Which accounts are affected by this rotation?
Google refers to all site access accounts, which encompasses much more than just your WordPress admin. FTP, SSH, MySQL databases, hosting panels, CDNs, third-party APIs: every compromised credential provides an alternative entry point.
Most practitioners neglect service accounts and API keys. A clever attacker specifically targets these secondary access points, which are less monitored than the super-admin account. Also consider former providers who still have active access.
Is this measure enough to secure the site after an attack?
Changing passwords is just a first defensive step, not a complete solution. If the attacker has installed a backdoor in the code, altered core files, or created hidden accounts, credential rotation alone will not suffice.

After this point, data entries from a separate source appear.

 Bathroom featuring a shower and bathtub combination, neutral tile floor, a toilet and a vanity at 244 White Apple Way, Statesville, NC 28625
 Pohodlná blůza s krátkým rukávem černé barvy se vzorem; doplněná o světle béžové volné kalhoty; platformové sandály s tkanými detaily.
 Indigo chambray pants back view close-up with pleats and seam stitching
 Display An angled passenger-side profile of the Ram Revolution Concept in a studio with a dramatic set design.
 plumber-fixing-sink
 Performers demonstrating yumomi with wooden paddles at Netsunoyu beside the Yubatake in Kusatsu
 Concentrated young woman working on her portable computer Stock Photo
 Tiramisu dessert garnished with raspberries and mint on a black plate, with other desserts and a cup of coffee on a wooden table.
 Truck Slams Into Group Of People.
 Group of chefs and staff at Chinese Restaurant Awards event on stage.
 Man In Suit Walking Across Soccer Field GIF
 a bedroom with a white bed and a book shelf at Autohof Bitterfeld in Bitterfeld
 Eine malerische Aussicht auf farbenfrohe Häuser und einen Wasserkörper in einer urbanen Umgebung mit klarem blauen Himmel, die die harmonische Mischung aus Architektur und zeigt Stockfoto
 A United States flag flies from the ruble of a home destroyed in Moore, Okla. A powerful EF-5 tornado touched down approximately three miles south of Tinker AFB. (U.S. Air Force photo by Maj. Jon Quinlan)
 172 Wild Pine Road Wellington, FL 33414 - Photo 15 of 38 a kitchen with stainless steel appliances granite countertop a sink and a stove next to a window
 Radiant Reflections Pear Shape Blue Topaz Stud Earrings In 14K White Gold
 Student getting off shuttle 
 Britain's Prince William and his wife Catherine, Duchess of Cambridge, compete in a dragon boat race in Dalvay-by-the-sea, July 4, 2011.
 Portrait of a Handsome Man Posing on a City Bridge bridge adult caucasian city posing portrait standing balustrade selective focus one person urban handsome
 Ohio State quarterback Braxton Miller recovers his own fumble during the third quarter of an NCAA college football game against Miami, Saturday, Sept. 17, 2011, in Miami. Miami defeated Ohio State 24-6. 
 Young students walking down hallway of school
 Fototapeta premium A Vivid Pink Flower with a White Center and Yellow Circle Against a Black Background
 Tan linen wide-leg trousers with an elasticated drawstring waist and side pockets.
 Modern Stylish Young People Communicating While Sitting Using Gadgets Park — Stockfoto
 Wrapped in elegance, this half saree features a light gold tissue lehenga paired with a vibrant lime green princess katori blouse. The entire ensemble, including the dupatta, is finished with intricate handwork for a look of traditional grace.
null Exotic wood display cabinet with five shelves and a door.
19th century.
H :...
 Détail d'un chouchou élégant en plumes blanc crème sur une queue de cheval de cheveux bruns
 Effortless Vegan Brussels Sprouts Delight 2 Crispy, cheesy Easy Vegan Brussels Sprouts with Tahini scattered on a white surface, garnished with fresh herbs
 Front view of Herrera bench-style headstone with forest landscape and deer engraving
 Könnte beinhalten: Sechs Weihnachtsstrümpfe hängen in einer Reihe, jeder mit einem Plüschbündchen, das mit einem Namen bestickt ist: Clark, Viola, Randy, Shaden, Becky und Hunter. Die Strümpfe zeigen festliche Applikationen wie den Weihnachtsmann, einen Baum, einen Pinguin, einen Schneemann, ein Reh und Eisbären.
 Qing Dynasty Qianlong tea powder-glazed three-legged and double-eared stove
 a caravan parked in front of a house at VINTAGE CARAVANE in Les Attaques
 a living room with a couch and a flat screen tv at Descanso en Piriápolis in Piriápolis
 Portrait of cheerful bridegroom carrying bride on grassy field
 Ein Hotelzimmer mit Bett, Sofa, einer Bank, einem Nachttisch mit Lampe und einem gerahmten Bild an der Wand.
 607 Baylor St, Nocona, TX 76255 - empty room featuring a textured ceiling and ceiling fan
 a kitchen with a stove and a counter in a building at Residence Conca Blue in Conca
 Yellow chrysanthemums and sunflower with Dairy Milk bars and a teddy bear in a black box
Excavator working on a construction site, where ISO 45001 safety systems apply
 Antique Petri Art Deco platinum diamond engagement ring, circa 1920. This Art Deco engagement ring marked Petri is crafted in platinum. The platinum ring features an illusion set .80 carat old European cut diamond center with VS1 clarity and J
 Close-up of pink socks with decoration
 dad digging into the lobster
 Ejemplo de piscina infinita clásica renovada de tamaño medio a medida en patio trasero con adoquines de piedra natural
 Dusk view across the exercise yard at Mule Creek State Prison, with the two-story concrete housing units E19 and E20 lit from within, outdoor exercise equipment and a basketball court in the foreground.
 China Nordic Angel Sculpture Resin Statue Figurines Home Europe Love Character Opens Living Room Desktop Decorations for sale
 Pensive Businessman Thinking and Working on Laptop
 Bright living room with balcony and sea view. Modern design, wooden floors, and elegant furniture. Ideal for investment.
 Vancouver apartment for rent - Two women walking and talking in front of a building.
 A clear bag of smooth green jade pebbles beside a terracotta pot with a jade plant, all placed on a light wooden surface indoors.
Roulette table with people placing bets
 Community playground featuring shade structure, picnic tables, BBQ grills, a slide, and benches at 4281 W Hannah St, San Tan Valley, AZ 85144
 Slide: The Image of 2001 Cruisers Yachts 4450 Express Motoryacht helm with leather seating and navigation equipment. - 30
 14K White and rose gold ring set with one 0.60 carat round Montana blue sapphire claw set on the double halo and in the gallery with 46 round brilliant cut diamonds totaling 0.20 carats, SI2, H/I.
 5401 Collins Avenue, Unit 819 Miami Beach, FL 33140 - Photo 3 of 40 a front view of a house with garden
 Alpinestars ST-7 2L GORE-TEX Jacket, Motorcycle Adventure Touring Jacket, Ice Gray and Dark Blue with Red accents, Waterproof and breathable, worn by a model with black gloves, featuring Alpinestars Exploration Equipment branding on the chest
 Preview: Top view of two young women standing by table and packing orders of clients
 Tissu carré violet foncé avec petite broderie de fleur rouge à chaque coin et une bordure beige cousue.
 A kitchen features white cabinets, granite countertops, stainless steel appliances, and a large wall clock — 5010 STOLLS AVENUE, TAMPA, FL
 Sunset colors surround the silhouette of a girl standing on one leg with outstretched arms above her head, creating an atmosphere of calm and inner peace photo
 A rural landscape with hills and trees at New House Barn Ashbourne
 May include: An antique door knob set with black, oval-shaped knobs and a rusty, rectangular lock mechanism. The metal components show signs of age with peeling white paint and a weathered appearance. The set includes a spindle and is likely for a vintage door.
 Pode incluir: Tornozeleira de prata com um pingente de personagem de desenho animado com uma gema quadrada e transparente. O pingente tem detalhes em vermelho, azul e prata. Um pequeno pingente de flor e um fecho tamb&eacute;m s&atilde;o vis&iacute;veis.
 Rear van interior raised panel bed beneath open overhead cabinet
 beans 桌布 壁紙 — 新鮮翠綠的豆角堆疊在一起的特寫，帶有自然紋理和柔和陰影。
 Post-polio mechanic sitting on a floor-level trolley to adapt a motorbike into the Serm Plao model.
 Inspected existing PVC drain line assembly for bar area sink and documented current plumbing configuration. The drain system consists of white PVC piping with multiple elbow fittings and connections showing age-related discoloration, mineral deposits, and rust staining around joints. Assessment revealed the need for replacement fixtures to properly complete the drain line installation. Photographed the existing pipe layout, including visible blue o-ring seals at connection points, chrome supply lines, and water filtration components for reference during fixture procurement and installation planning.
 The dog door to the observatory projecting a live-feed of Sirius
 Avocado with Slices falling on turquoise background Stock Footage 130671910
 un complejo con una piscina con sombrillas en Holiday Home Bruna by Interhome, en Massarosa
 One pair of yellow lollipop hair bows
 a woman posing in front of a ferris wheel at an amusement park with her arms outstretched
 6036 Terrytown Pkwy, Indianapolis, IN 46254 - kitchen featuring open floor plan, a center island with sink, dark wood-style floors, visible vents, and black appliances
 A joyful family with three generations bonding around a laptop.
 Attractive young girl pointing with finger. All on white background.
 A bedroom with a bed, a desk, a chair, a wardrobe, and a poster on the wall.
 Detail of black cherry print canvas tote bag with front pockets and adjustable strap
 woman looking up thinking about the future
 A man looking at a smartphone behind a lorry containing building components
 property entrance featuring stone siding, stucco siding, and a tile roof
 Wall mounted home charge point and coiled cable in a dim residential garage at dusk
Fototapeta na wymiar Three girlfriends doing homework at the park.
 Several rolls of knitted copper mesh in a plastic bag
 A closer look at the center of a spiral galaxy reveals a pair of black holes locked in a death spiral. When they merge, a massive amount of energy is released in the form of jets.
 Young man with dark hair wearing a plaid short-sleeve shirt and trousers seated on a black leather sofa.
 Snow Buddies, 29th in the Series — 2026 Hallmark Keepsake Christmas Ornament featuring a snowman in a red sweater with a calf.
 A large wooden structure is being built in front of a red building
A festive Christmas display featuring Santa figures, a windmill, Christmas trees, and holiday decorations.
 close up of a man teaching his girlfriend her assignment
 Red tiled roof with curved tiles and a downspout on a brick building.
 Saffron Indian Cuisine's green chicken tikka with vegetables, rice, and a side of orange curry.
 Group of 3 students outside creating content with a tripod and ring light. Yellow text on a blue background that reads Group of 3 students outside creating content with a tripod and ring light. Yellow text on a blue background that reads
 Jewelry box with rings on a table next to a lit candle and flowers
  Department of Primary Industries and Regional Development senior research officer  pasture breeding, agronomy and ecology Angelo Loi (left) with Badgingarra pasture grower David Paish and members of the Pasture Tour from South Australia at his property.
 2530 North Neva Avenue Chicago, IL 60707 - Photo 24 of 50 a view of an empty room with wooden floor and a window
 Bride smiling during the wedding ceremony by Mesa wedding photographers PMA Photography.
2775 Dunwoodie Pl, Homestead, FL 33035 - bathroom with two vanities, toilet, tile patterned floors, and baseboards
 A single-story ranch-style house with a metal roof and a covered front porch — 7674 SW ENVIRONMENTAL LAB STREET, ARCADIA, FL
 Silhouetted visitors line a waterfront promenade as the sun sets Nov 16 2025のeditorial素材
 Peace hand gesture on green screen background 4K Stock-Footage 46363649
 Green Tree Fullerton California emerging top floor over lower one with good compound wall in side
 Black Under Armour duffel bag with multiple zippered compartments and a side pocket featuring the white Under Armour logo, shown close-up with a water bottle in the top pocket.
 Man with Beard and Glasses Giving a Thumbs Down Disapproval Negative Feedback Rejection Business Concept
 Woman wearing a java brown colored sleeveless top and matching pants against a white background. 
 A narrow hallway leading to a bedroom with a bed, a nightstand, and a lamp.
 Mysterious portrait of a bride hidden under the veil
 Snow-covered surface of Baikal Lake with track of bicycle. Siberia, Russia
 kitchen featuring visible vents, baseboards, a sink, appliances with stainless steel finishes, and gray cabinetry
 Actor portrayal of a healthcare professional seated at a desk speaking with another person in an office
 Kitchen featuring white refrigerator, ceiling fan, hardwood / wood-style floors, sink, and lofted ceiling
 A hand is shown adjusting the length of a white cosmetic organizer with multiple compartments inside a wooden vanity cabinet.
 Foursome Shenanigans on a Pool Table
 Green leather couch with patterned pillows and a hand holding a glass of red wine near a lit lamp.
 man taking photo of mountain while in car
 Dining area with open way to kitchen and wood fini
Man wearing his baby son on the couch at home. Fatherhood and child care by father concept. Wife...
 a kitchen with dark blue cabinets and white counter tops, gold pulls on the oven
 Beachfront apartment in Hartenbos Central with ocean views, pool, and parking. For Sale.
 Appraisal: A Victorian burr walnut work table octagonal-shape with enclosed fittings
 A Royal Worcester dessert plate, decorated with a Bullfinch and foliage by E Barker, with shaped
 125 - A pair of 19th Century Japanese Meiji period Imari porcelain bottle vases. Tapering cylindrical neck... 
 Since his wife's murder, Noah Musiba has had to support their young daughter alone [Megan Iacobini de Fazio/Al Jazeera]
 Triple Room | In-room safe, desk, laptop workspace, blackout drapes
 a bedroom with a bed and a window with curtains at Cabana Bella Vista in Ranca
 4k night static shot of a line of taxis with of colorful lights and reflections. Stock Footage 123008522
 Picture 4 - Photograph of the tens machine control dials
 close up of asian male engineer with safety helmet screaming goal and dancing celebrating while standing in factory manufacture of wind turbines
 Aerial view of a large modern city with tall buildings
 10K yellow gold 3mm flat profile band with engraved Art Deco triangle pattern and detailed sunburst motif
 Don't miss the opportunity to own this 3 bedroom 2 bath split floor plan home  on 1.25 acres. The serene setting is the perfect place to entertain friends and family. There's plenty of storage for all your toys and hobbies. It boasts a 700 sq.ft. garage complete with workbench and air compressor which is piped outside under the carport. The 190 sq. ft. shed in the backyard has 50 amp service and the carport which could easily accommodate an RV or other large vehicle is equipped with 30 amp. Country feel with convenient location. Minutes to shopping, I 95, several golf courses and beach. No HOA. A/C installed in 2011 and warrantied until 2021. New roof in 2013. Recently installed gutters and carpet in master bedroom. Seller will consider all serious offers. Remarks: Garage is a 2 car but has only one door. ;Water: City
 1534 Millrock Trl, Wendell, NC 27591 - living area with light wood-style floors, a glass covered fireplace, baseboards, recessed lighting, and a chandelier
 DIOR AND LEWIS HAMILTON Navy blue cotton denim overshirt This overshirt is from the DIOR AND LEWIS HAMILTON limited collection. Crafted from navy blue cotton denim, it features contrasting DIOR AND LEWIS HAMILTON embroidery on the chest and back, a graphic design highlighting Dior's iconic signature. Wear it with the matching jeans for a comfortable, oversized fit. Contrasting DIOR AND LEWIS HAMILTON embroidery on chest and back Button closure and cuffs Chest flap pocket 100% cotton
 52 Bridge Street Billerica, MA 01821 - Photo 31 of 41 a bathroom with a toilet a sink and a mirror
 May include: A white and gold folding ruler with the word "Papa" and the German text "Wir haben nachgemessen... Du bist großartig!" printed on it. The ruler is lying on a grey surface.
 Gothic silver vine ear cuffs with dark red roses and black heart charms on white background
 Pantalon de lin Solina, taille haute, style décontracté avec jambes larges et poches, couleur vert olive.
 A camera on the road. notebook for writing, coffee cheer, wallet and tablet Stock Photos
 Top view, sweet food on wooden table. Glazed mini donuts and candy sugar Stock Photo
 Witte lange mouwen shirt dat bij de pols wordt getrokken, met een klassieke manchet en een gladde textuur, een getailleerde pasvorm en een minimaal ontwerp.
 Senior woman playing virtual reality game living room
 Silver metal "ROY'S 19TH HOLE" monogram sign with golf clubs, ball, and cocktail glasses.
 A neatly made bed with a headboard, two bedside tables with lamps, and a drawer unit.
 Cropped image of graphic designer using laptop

This action must be combined with a modified file audit, checking recently created users, and a malware scan. Sophisticated attacks leave several entry points: closing just one door does not secure the house.
- Rotate all credentials immediately after fixing the vulnerability
- Include FTP, SSH, databases, APIs, and third-party services in the rotation
- Combine with a thorough audit of files, users, and access logs
- Document who had access before the incident to detect residual accesses
- Monitor failed login attempts for at least 30 days post-incident
SEO Expert opinion
Is this recommendation consistent with observed practices on the ground?
Yes, but it often comes too late. Attacked sites discover the breach weeks after the initial intrusion when credentials have already been used to install multiple backdoors. Changing passwords at this stage limits future damage but does not rectify past issues.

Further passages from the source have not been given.